:: Try it ::
Without including any picture, transcribe the entries below word for word.

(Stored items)
'''

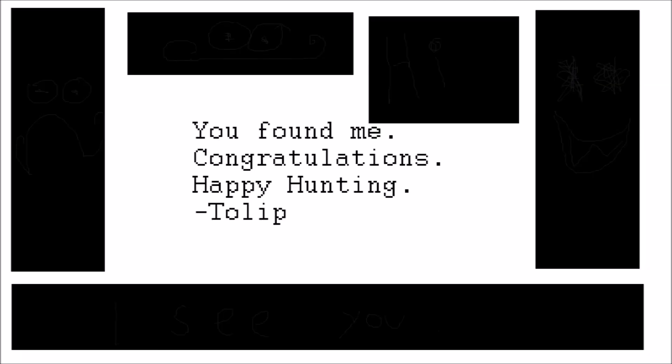The next photo is: you found me, congratulations, happy hunting Tolip. This was released the same time people on the forums started talking about him, meaning that he is active on the forums and knows when we're talking about him.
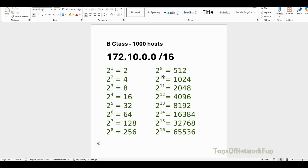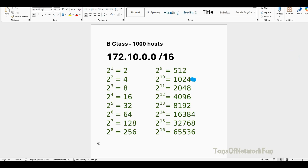Now we'll look at the powers of 2 table. The exact 1000 host count is not possible, so we have to look at the closest one. If you look at the table, 2 to the 9 is 512, which is not enough. 2 to the 10 gives 1024 addresses, but we lose two — one for network ID and one for broadcast ID. That means we still get 1022, which is more than the 1000 host requirement.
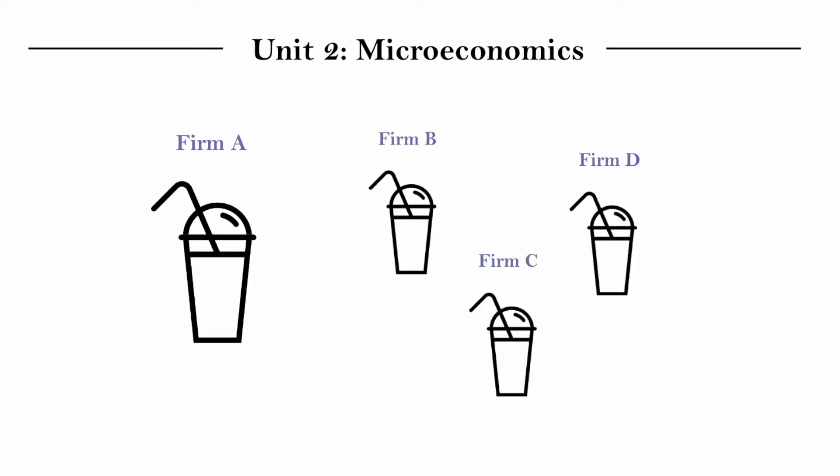So other orange juice firms B, C, and D all sell this orange juice. And they make up the suppliers of orange juice in this market.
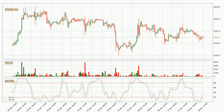Looking at the hourly Stochastic RSI, it currently shows no overbought or oversold conditions, but the %K line is over the %D line, which means the current trend is to the upside.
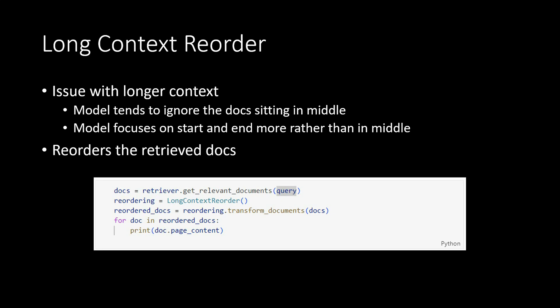So if you want to consider the middle part or the one which was ignored by the model, then we need to reorder the documents. And that's the reason this function is there, which is long context reorder.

'''

:: Exercise answer ::
The next photo is: you found me, congratulations, happy hunting Tolip. This was released the same time people on the forums started talking about him, meaning that he is active on the forums and knows when we're talking about him.
Now we'll look at the powers of 2 table. The exact 1000 host count is not possible, so we have to look at the closest one. If you look at the table, 2 to the 9 is 512, which is not enough. 2 to the 10 gives 1024 addresses, but we lose two — one for network ID and one for broadcast ID. That means we still get 1022, which is more than the 1000 host requirement.
So other orange juice firms B, C, and D all sell this orange juice. And they make up the suppliers of orange juice in this market.
Looking at the hourly Stochastic RSI, it currently shows no overbought or oversold conditions, but the %K line is over the %D line, which means the current trend is to the upside.
So if you want to consider the middle part or the one which was ignored by the model, then we need to reorder the documents. And that's the reason this function is there, which is long context reorder.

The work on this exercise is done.